- **Your task**
In the copy, include all of the listing exactly and none of its pictures.

- **Stored data**
-=-=-=-=-
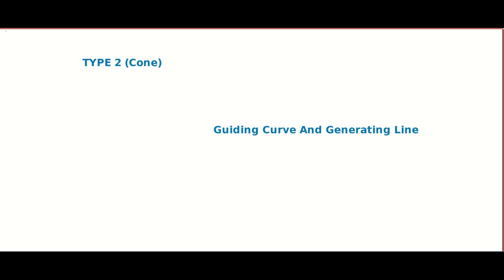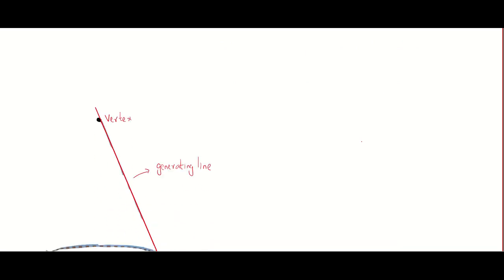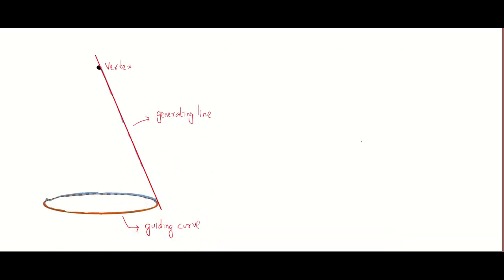Hello friends, welcome to Susan and John Matthew. In this video we are going to discuss about Type 2 cones. And just like Type 2 in cylinder, in this Type 2 cone we will be given the guiding curve and the generating line. In the last video we learned about the generating line of a cone and how it differs from the generating line of a cylinder.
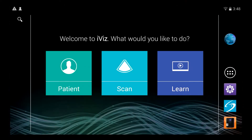There are three ways to start a new patient study. You can select a patient from the scheduled list, or enter a new study from the search menu. You can also start a new patient study after completing a scan.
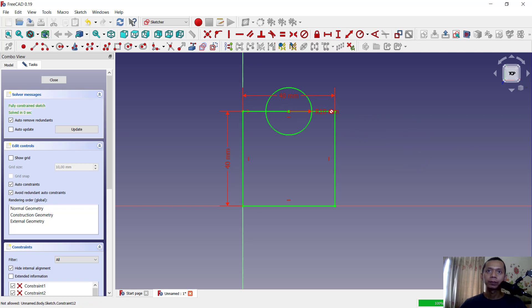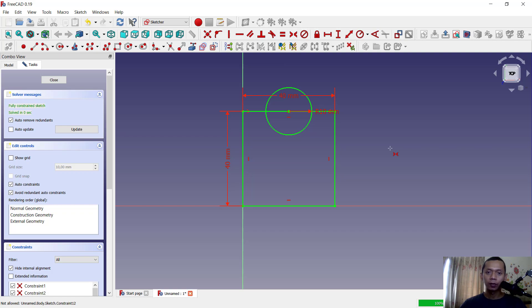Enough today for FreeCAD basic tutorial, how to move objects into middle or a center. If you have any question about this tutorial, you can comment below this video.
-=-=-=-=-
- **Task response**
Hello friends, welcome to Susan and John Matthew. In this video we are going to discuss about Type 2 cones. And just like Type 2 in cylinder, in this Type 2 cone we will be given the guiding curve and the generating line. In the last video we learned about the generating line of a cone and how it differs from the generating line of a cylinder.
There are three ways to start a new patient study. You can select a patient from the scheduled list, or enter a new study from the search menu. You can also start a new patient study after completing a scan.
Enough today for FreeCAD basic tutorial, how to move objects into middle or a center. If you have any question about this tutorial, you can comment below this video.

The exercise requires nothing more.